There is a facet of poise (that Robert Whitaker excels at) that is of critical importance, and that is noticing what others do not.There are other facets of poise (excellent performance under pressure) that can be taught, but only with hard training supplemented by real world experience. This is the focus of America’s elite combat teams such as the Navy Seals.

Also, any fire fighter who has not learned poise is going to end up getting burnt. And any police officer that has not learned poise is going to end up involved in unnecessary violence.

But the core of poise, the real essence of it, is noticing what others do not.

It is a special kind of capability that focuses on mental and visual acuity and it goes beyond racial politics and its effective response. Instead, it is almost a “marital art”.

For what is Asia’s absurd obsession with badges of status other than a form of ignorance masking a society in a low state of development and a people who lack poise?

And what is Political Correctness, if it is not that very same ignorance and low state of development?

No one ever tells our school children that being intelligent is a requirement, not an elective, and it is a requirement not of the academic credit granting authority, but of the larger nature surrounding us, a nature that punishes ignorance and stupidity without fail and without mercy.

Learning this special kind of poise is what BUGS is all about, and focusing on it will furnish white nationalism its competitive advantage.

Accordingly, it is what white nationalism should strive to develop and organize itself around.

— Dave

This is a very acute observation.

Consider Dave’s general term poise and look at disciplining oneself to use the Mantra.
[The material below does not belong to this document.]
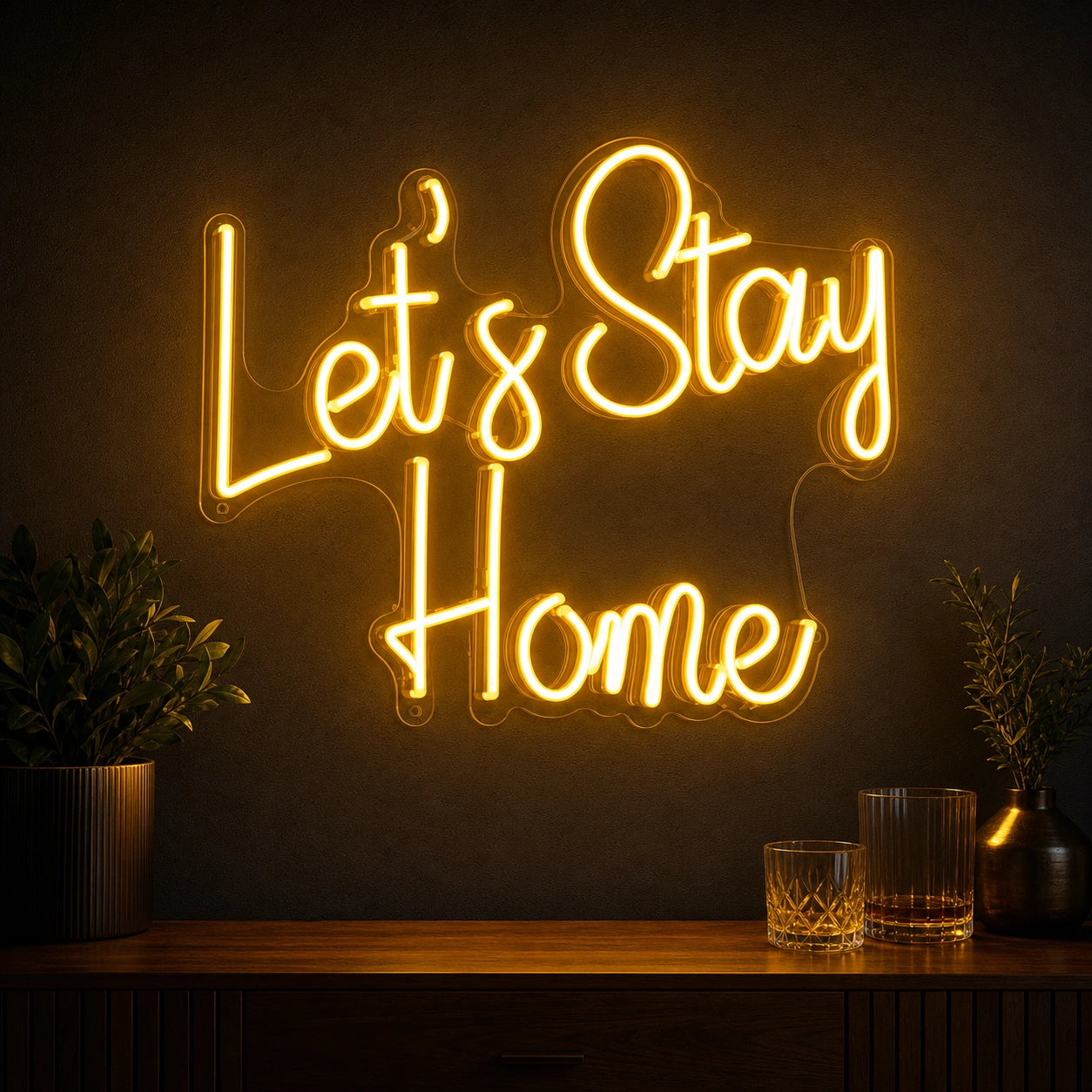 Let S Stay Home Wall Decor LED Neon Sign Home Bar Wall Decoration high-converting product image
If you do not have poise, you will go chasing off into any subject the other side brings up that interests or might make you look good with all your knowledge of it.
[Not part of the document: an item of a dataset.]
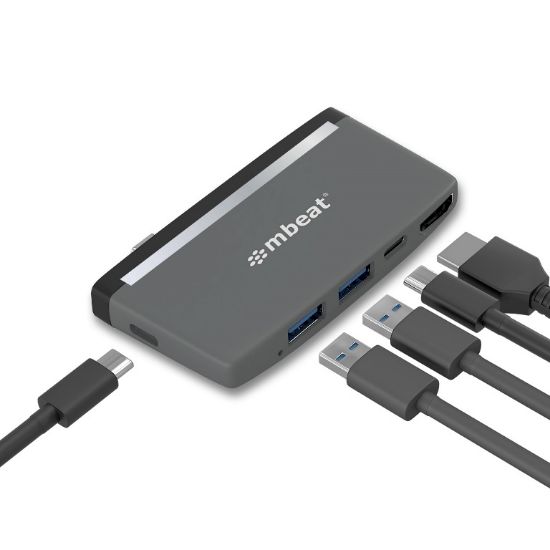 Picture of mbeat®  Essential Pro  5-IN-1 USB- C Hub (4k HDMI Video, USB-C PD Pass Through Charging, USB 3.0 x 2, USB-C x 1) USB 3.0 Speed: Up to 5Gbps Weight:30g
If you can be lured off that way, you are like any person who can be conned. There’s one born every minute.

Someone who is not a sucker has two questions about any product: “How much does it cost, and what can it do that I want done?”
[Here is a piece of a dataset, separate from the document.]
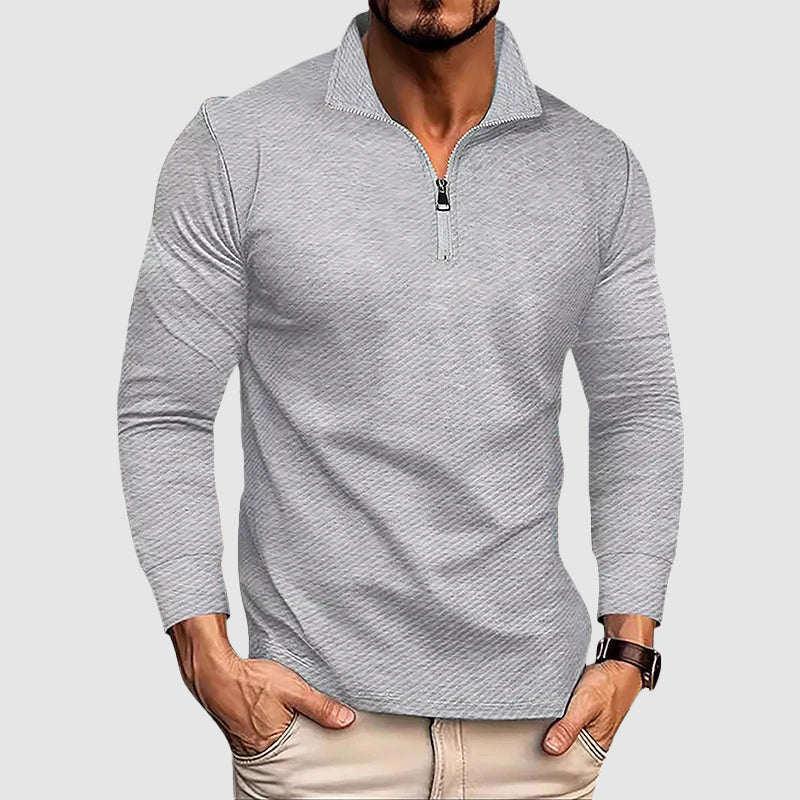 Men’s Long-Sleeve Zip-Collar Top - Image 3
And the most important word a person seeking poise can add:

PERIOD.

When you think of a person who has poise, you think of someone who has no “pressure of speech.” A poised person is not uncomfortable insisting on a reply. If you keep insisting on keeping talking off the subject, he is perfectly comfortable answering your nothing with silence. The ONLY reply a poised person will give is to remind the bullshitter of what the question was.

Poise is an EXCELLENT term for our approach.

Thanks, Dave!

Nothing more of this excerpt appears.